Space Exploration Technologies, more commonly known as “SpaceX,” successfully completed another test flight of the company’s Vertical Takeoff Vertical Landing (VTVL) “Grasshopper” vehicle today, Aug. 13. The Grasshopper—described as, essentially, a Falcon 9 test rig—flew to an altitude of 250 meters and conducted a 100 meter lateral (horizontal) move. Upon completion of these maneuvers, Grasshopper safely returned to the launch pad from which it took off about a minute earlier.
The purpose of this test was simple: to validate the design and to show off the test vehicle’s capabilities. With each successive test, Grasshopper is given progressively more complex tasks.
The test article stands some 10 stories tall. This means that, essentially, a structure some 106 feet tall is balanced, moved side-to-side, on the thrust produced by its engine.
Video courtesy of SpaceX
Grasshopper began testing in September of last year. The first test lasted a mere three seconds. In December 2012, Grasshopper conducted a nearly 30-second flight, climbing to some 130 feet (40 meters). This past June saw the vehicle fly for over a minute, reaching a height of 1,066 feet (325 meters). This incremental approach has proven to be highly successful in testing VTVLs, which have a history of problems. Some of the more notable ones include:
- In May 1968, a little over a year from his entry into the history books as the first man to set foot on the surface of the Moon, Neil Armstrong was forced to eject from NASA’s Lunar Landing Research Vehicle (LLRV). This ungainly craft, more commonly known as the “flying bedstead,” was notorious for its difficult nature.
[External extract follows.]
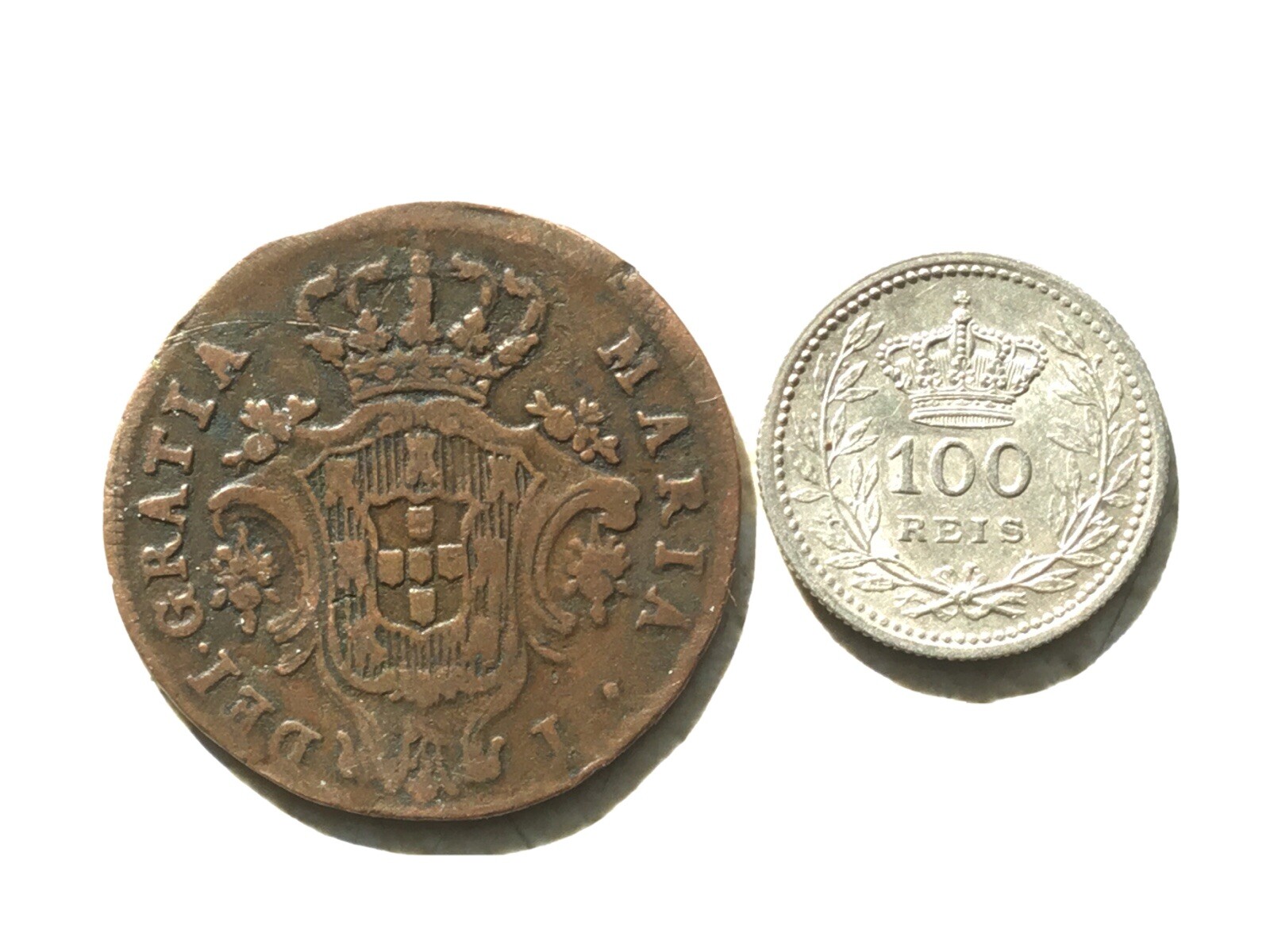 SILVER COIN RARE 1797 Portugal 5 Réis D. Maria I & Silver 100 R 1910 lot SILVER COIN RARE 1797 Portugal 5 Réis D. Maria I & Silver 100 R 1910 lot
- In July 1996, after slight accidents, repairs, and upgrades, the McDonnell-Douglas Delta Clipper Advanced, or DC-XA, was lost because of a series of events involving a liquid oxygen tank, a landing strut, and a fire. NASA cancelled the program citing budgetary concerns.
- Just a little over a year ago, on Aug. 9, the Morpheus lander, a test article using off-the-shelf hardware, crashed and burned at NASA’s Kennedy Space Center (KSC) in Florida. The lander was lost during a test flight at KSC’s Shuttle Landing Facility.
SpaceX has managed, to date, to conduct this project with success. The company has made known its plans to have the first stage of its Falcon 9 return to Earth. Somewhat similar to how SpaceX is conducting the Grasshopper tests, the company’s founder and CEO has stated this, too, will be conducted in a step-by-step fashion.
After the successful recover of the Dragon spacecraft that conducted the second Commercial Supply Services mission to the International Space Station, Musk detailed what his company plans to do to merge what is currently being done with Grasshopper, with what will be done with the firm’s Falcon 9 launch vehicle.
“(in terms of the Falcon 9) … The initial recovery attempts will be from a water landing, so the first-stage booster will, after separation, continue in a ballistic arc and execute a velocity reduction burn in the atmosphere to lessen the impact. Then, right before splashdown of the stage, it’s going to light the engine again. So there will be two burns after stage separation, if things go well,” Musk said. “I want to emphasize that we don’t expect success in the first several attempts. Hopefully next year, with a lot more experience and data, we should be able to return the first stage to the launch site, deploy its landing legs, and then do a propulsive landing on land back at the launch site. So this year our efforts will be focused on recovering a first stage at all from an ocean landing, and then next year it will be about the return to launch site with the landing gear deployed.”